>>>>

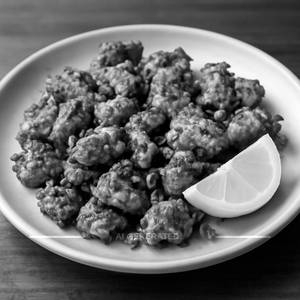 Chicken Salt N Pepper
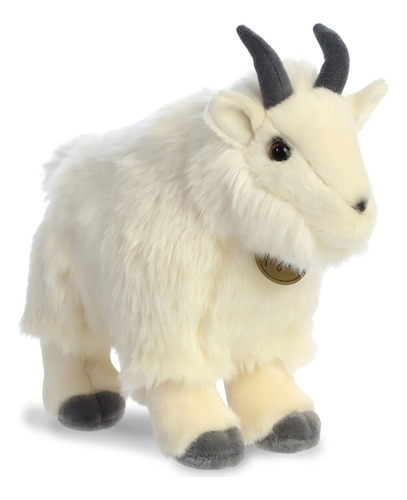 Peluches Aurora Cabra De Monte Miyoni Chivas Guadalajara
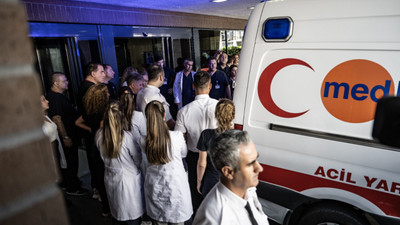Bakan Koca'dan Sabancı çiftine dair açıklama: 'Ağır bir deniz kazası'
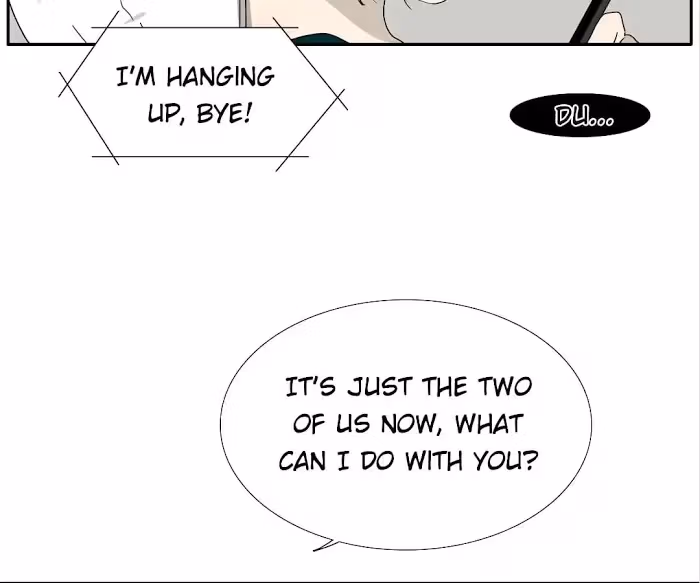 Bromance Chapter 138 page 6 - 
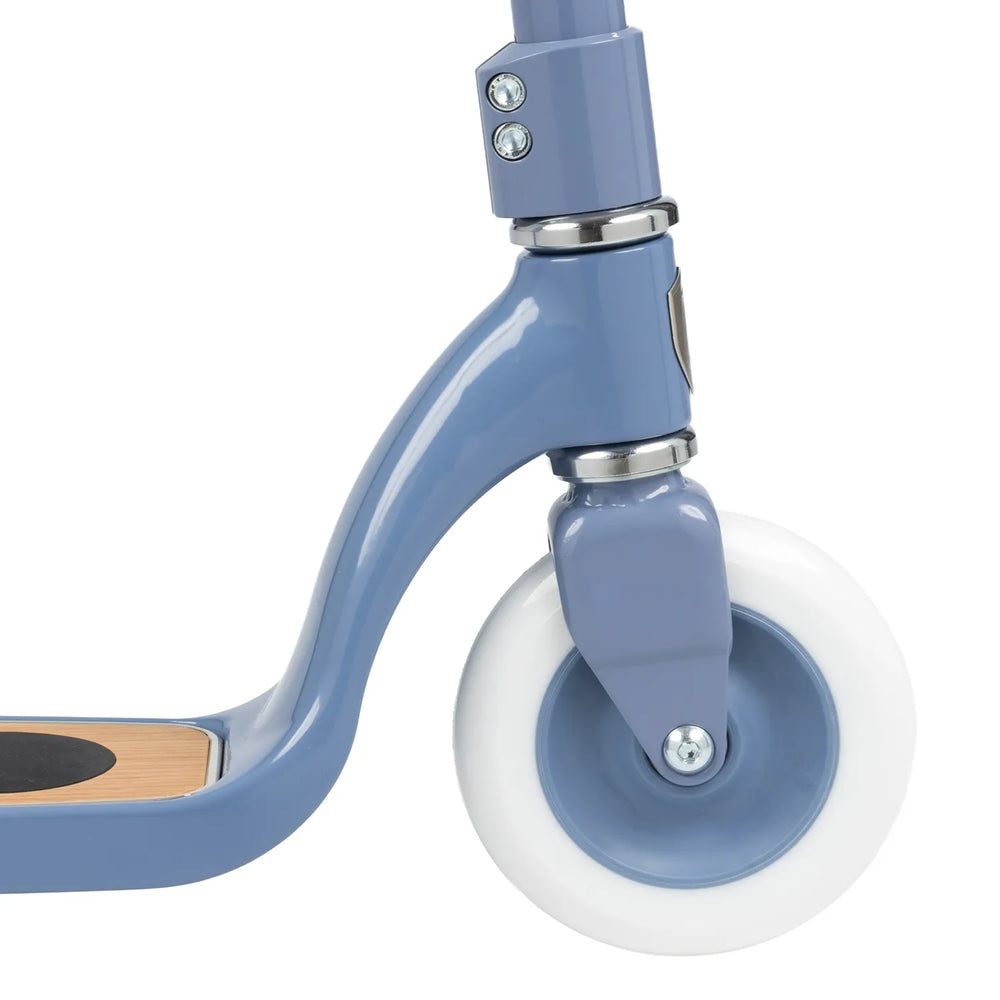 Scooter Maxi Vintage Blue 7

<<<<

• [WHAT THE EXERCISE ASKS]: Without including any pictures, copy every line above exactly.

• [SOLUTION TO THIS TASK]:
 Chicken Salt N Pepper
 Peluches Aurora Cabra De Monte Miyoni Chivas Guadalajara
Bakan Koca'dan Sabancı çiftine dair açıklama: 'Ağır bir deniz kazası'
 Bromance Chapter 138 page 6 - 
 Scooter Maxi Vintage Blue 7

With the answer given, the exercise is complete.